Some songs came along, and everyone made rhythmic happy noises and agreed that yes, it was truly great to be worshipping together. After a rousing version of something or other, Ed got up to introduce a group of singing Christian brothers and sisters who had come from some unpronounceable place off in the mountainous jungles somewhere.
(If I seem vague about some of this, please remember that I hear poorly under the best of circumstances. Add in the fact that we were using a language that I’ve not formally studied and you’ll see why comprehension of aural matters escaped me.)
The singing troupe took the platform and really wowed everyone, even me. They were from an indigenous tribal group that had recently been seized by a divine drive to evangelize their people. The clothing was indigenous and the musical instruments leaned heavily on bamboo-based materials. The songs were done both in the dominant language of the country as well as in the heart language of the singers. It was great. At the end of their allotted time, the convention moderator took the platform and remarked that “…the music was quite uplifting, though that sort of style is not exactly suited to proper worship times.”
Apparently, only guitars and pianos are acceptable for worship. Bunch of deviants…
Want another example? When Deaf Christians set up chairs, they usually opt for a large semi-circle. Many Deaf social situations are discussion-oriented, and sitting in a half-moon allows everyone to see everyone else in the room. When the hearing folks arrive, know what they do? Re-arrange the chairs in rows, thus apparently, wantonly, and rudely cutting off anyone on the second row and beyond from participation.
Chairs in rows? Heretics!
At Baptist churches across Venezuela, ladies typically serve the Lord’s Supper, not a group of male deacons. They collect the offering as well.
And so the song goes…
“…Deviant 1, Deviant 2, Deviant 3, and Us
We are precious in His sight…”
From musical style (hymn books vs. power point) to preacher’s attire (ties or tie-dyes?), meeting sites and language fights, there’s always them…and there’s us. And trust me: He loves us all, even you bad Christians.
Calvinist? Traditionalist? Reformed?
Piano? Drum? Reed pipe?
White? Latin? African-American?
We carry within us the seeds of dissension simply by the outrageous act of being unique. We develop our priorities and wants and felt needs. We sit in our enclaves of homogeneity and assume that we are developing inspired ideas because we are reading inspired words. Whether in innocence, ignorance, or arrogance, we isolate ourselves from others not by our mutual differences but by mutually insisting that we’re the norm and you’re the perverse.

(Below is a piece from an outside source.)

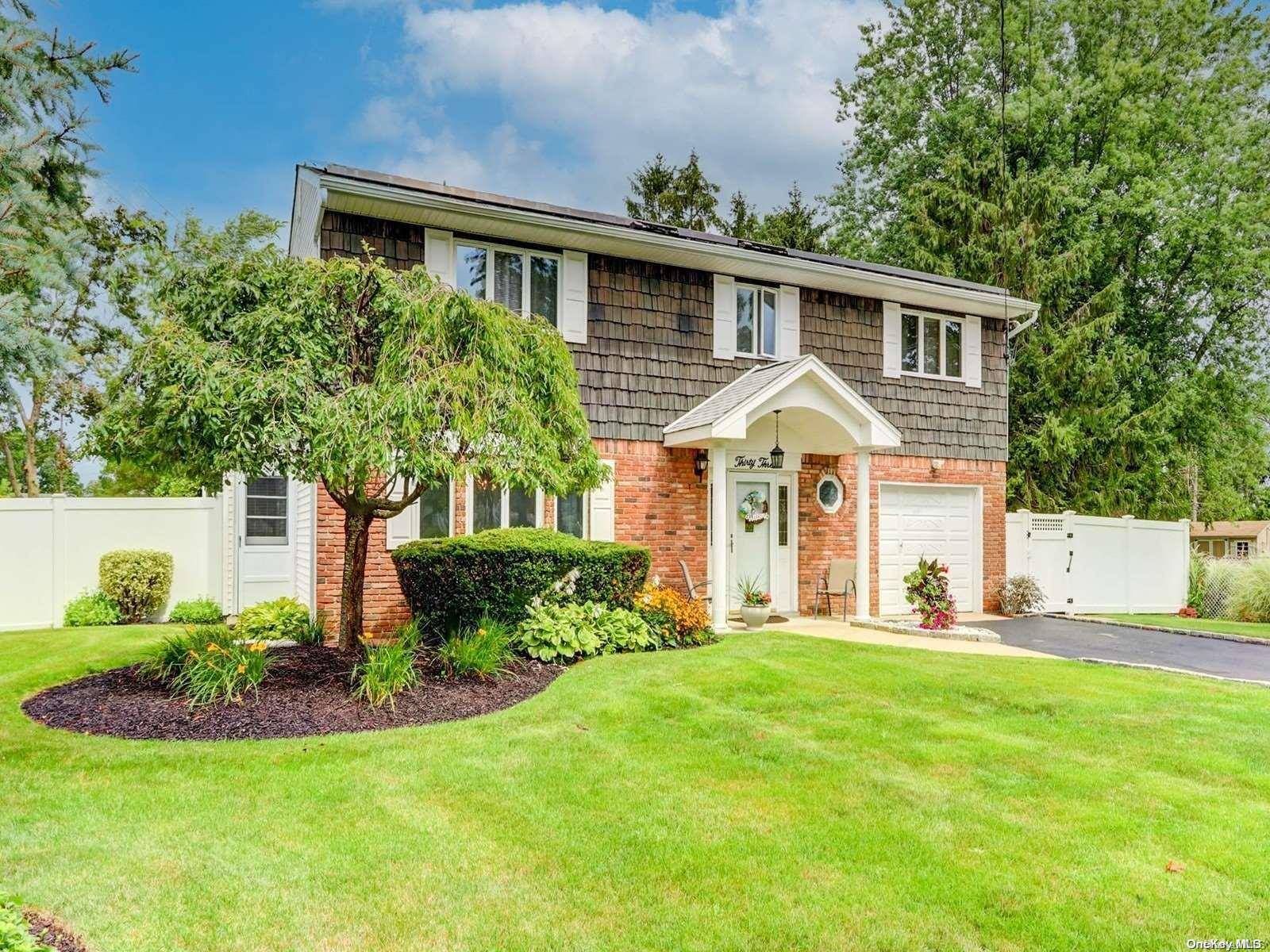 Smithtown, NY 11787,33 Sandy Hollow DR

Forgetting all the while that we are part of a single body of Christ, and that our differences are often a reflection of divine acts.
Male vs Female? See Eden, Garden of.
Race? Impossible to spread out and fill the earth without heterogeneity; see also Babel, Tower of.
Musical instruments/style? Filling the earth equals different materials for creating instruments.
TraCalFormed? Don’t we consistently argue for hermeneutical freedoms and theological tensions? And from whence does that flexibility arise – His word and Spirit?
This is not a plea for ecumenicalism, joining in unity to dilute our theology to the degree we’ll no longer be united with Christ. I’m just puzzled by the degree to which we consistently view the Different as the Deviant. I struggle to grasp why we so often reject partnerships and friendships based on differences that are not as great as they seem.
I guess in part I’m being driven to wonder about this line of questioning due to some partnerships that I’m trying to bring to life. Other pastors and leaders insist on standards for cooperation that are unreasonable or unbiblical. We can only do workshops if we meet at their church. We can only teach (without public arguing) the pet doctrinal themes they adore. We can only gather for card games and laughter if we first lay out all the rules for the fellowship and a list of acceptable people in attendance. We can only work together, it seems, if I become Them. Anything else is a threat to them personally and to the strength of their church.
We all balk and stammer while the world burns.
It is beginning to break my heart, because I just want them to be normal…like me.